» EXERCISE DETAILS:
With pictures removed, print the listing exactly.

» INFORMATION SUPPLIED:
___

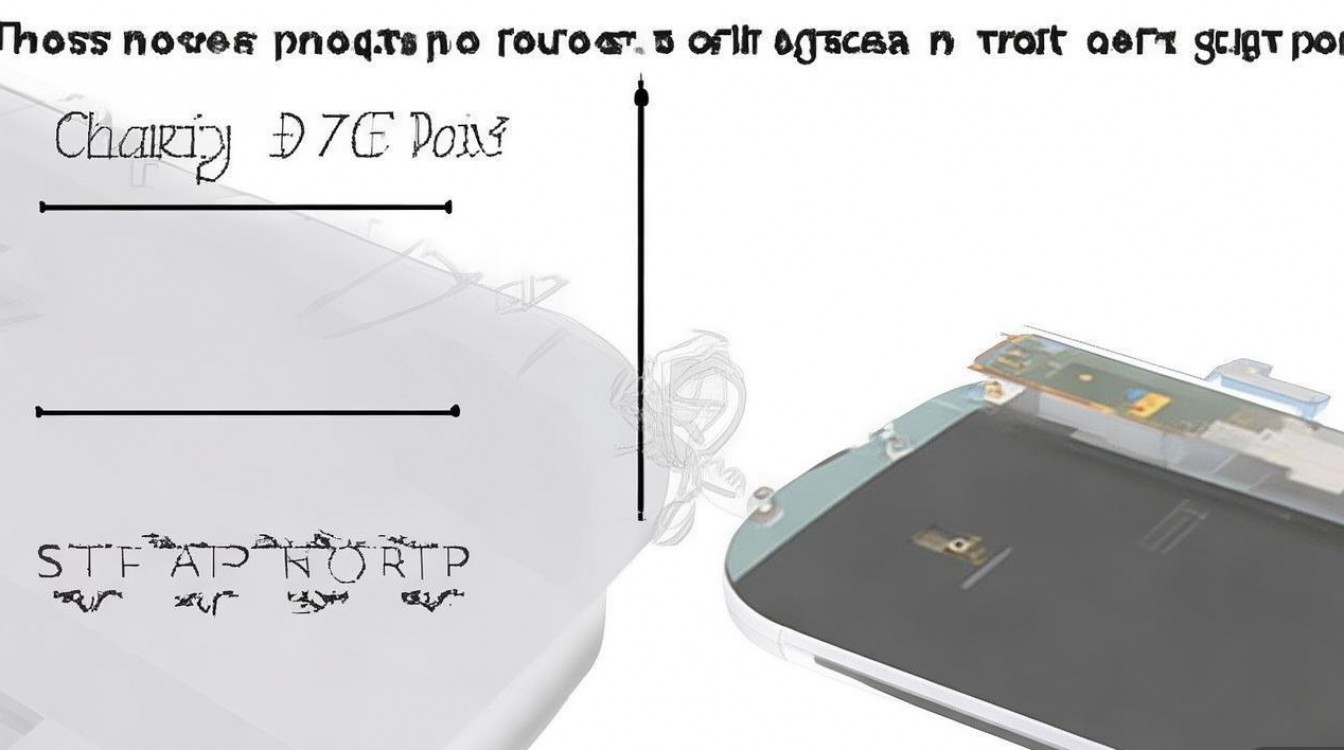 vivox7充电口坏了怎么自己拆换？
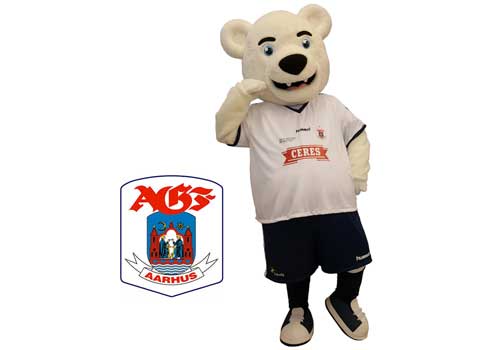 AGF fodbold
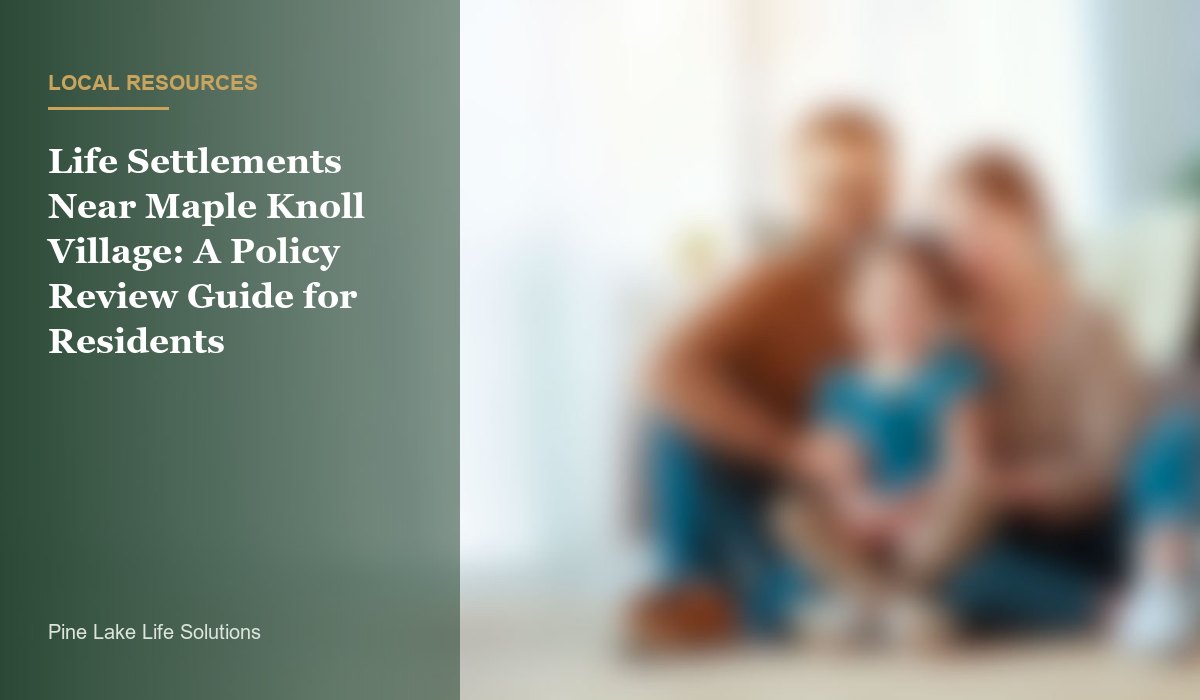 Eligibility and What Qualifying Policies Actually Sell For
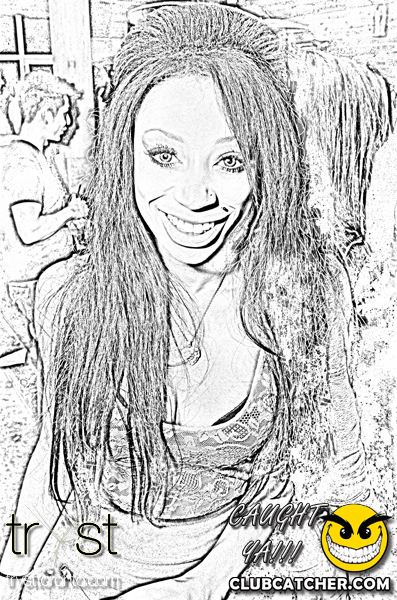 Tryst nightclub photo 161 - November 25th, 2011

___

» RESULT OF THIS EXERCISE:
 vivox7充电口坏了怎么自己拆换？
 AGF fodbold
 Eligibility and What Qualifying Policies Actually Sell For
 Tryst nightclub photo 161 - November 25th, 2011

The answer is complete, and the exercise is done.